DEV Community

Cover image for Five Data-Driven Reasons To Add Visual AI To Your End-To-End Tests
Michael Battat
Michael Battat

Posted on • Updated on • Originally published at applitools.com

Five Data-Driven Reasons To Add Visual AI To Your End-To-End Tests

Do you believe in learning from the experiences of others? If others found themselves more productive adding Visual AI to their functional tests, would you give it a try?

In November 2019, over 3,000 engineers signed up to participate in the Applitools Visual AI Rockstar Hackathon. 288 completed the challenge and submitted tests – comparing their use of coded test validation versus the same tests using Visual AI. They found themselves with better coverage, faster test development, more stable test code, with easier code test code maintenance.

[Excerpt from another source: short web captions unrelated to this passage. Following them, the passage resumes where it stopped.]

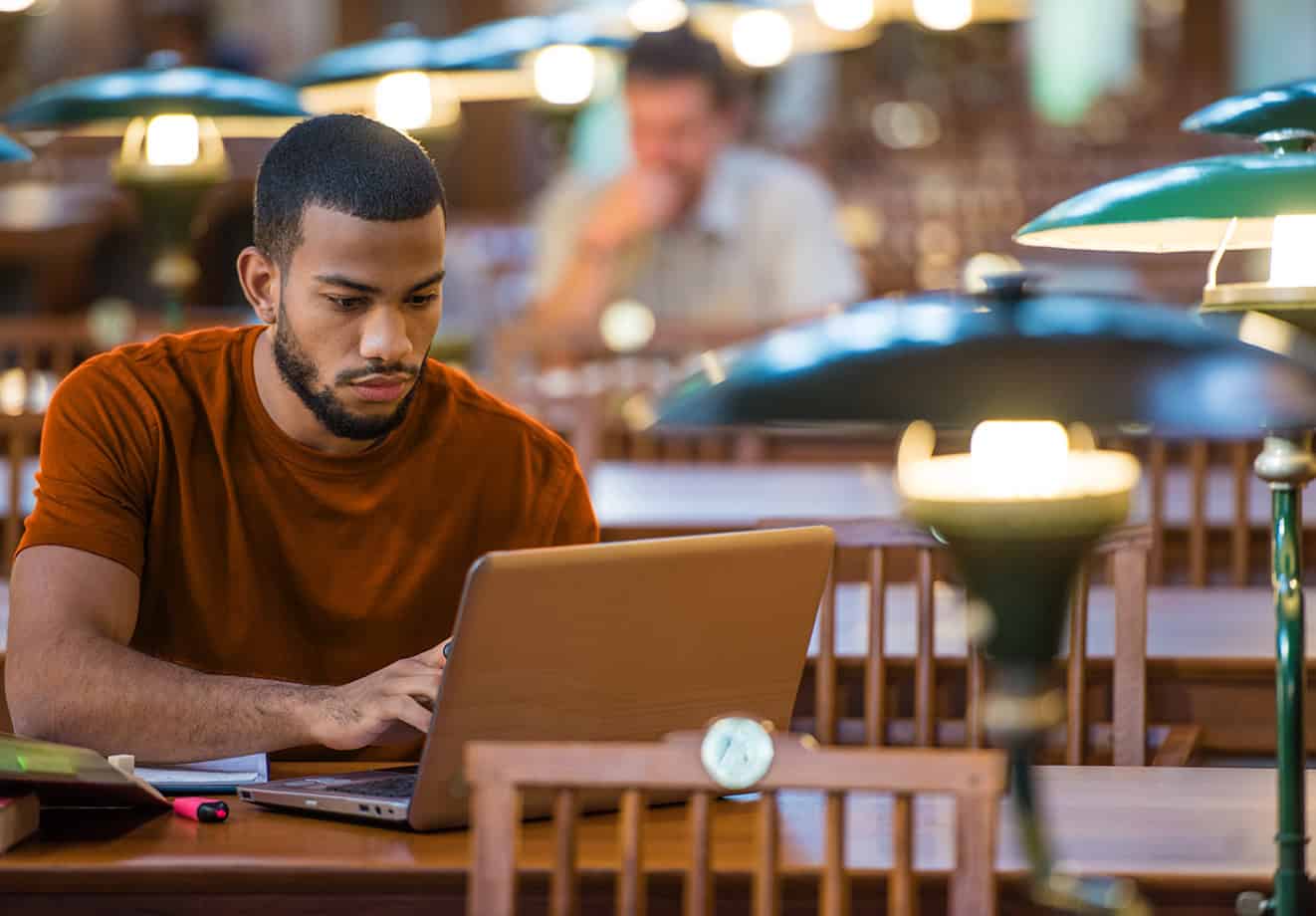 University student typing on laptop at outdoor table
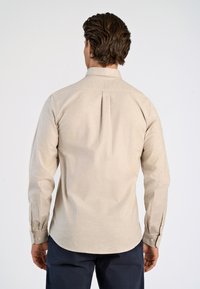Beige_langärmliges Hemd mit klassischem Kragen, Rückenfalten-Detail und geknöpften Manschetten. Der Stoff erscheint glatt mit einer subtilen Textur.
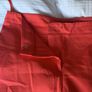 Dunnes red trousers Image 3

On April 23, James Lamberti, CMO at Applitools, and Raja Rao DV, Director of Growth Marketing at Applitools, discussed the findings from the Applitools Hackathon submissions. The 288 engineers who submitted their test code for evaluation by the Hackathon team spent an average of 11 hours per submission. That’s over 3,000 person-hours – the equivalent of 1 ½ years of engineering work.

Over 3000 participants signed up. They came from around the world.

Alt Text

They used a variety of testing tools and a range of programming languages.

Alt Text

In the end, they showed some pretty amazing results from adding Applitools Visual AI to their existing test workflow.

Describing the Hackathon Tests

Raja described the tests that made up the Hackathon.

Alt Text

Each test involved a side-by-side comparison of two versions of a web app. In one version, the baseline, the page rendered correctly. In the other version, the new candidate, the page rendered with errors. This would simulate the real-world issues of dealing with test maintenance as apps develop new functionality.

Hackathon participants had to write code that did the following:

  • Ensure the page rendered as expected on the baseline.
  • Capture all mistakes in the page rendering on the new candidate
  • Report on all the differences between the baseline and the new candidate

Also, Hackathon participants needed to realize that finding a single error on a page met the necessary – but not sufficient condition for testing. A single test that captures all the problems at once has a faster resolution time than running into multiple bug capture/fix loops. Test engineers needed to write tests that captured all the test conditions, as well as properly reporting all the failures.

Hackathon participants would code their test using a conventional test runner plus assertions of results in the output DOM. Then, they used the same test runner code but replaced all their assertions with Applitools Visual AI comparisons.

To show these test results, he used the Github repository of Corina Zaharia, one of the platinum Hackathon winners.

At this point here, Raja walked through each of the test cases.

CASE 1 – Missing Elements

Raja presented two web pages. One was complete. The other had missing elements. Hackathon participants had to find those elements and report them in a single test.

Alt Text

To begin coding tests, Corina started with the baseline. She identified each of the HTML elements and ensured that their text identifiers existed. She wrote assertions for every element on the page.

Alt Text

In evaluating submissions, judges ensured that the following differences got captured:

  1. The title changed
  2. The Username icon was missing
  3. The Password icon was missing
  4. The username placeholder changed
  5. The wrong password label
  6. The password placeholder changed
  7. There was extra space next to the check box
  8. The Twitter icon had moved
  9. The Facebook icon had moved
  10. The LinkedIn Icon was missing.

Capturing this page required identifying element locators and validating locator values.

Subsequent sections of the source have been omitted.